No matter the skill level, writers improve when they truly reflect on their writing choices. As an instructor of first-year composition, I see it as my job to replace anxiety with confidence in the act of reflection, and to promote reflective writing to all skill ranges. From a reflection-empowered writing process, there grows another trademark of successful writing: revision. A reflective writer is prepared for robust revision, having learned the difference between editing, change for change’s sake, and true revision. Simultaneously, the reflective writer is recursive, knowing when it’s time to make static writing kinetic once more. As a composition instructor, I place high value on substantive, reasoned revision. I show the potential of examined writing choices by asking questions and suggesting new approaches on every paper – even for “good” writers who fully satisfy an assignment’s requirements. I empower my students to act as tutors for their classmates’ papers, with guided questions that keep the focus on the writing choices made, not just the products visible on the page. I incentivize revision workshops, require writing reflections, and separate grade components for early complete drafts of final papers.

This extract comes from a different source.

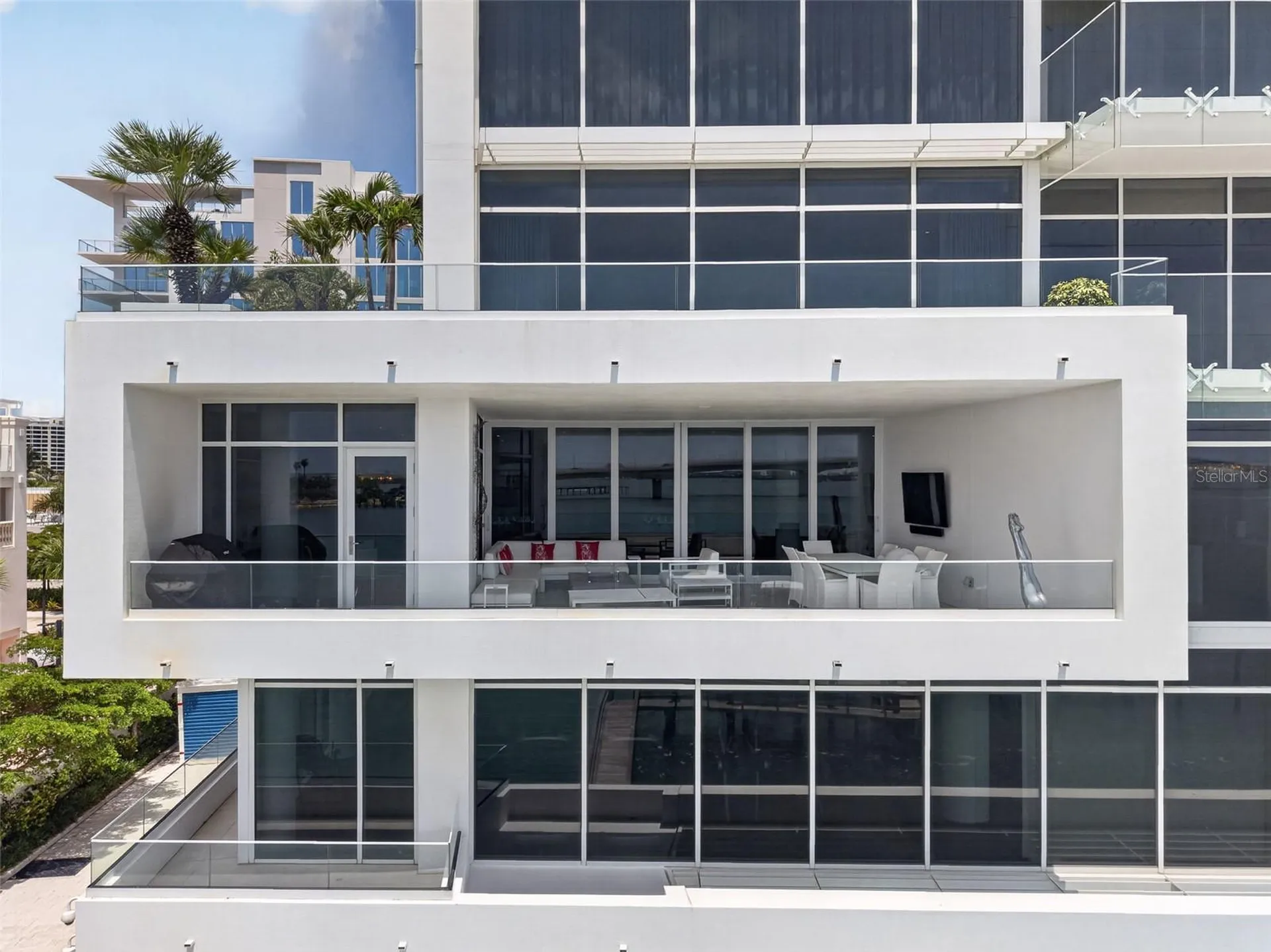 280 Golden Gate Point Sarasota FL 34236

This reflective pedagogy scales to advanced study as well. I require reflective writing on in-center observations and tutoring activities, ask students to develop and maintain tutoring philosophies that are informed by scholarship and experience; and the final research paper asks tutors to reflect upon and propose changes to existing writing center practice.
I do not confuse this value I place in reflection as a panacea for all writing challenges. Reflection is a critically important frame of mind that leads to revision, which in turn leads to the potential for improvement. Kenneth Bruffee tells us that “what we experience as reflective thought is related causally to social conversation (we learn from each other).” This social learning is the bedrock that supports my philosophy of reflective learning beyond just teaching. When I lead a workshop with my colleagues, when I present at a conference, when I submit to a publication of my peers, when I hold training sessions for tutors, and even when I hold office hours, I am inviting others to reflect on their choices in pedagogy or in practice. As Bruffee suggests, even when I work individually to revise my own course assignments, or modify practice as a writing center administrator, I am not doing so in a vacuum; I am reflecting on guiding lessons learned from mentors, colleagues, and students.
Reflection is not the end result that makes for better writing – it is the means by which we arrive at better writing, and better teaching. As it has been ever since my first days as a tutor, and now as a value I impart in my professional life, reflection remains my philosophy as a writer, as a tutor, as a teacher, and as an administrator.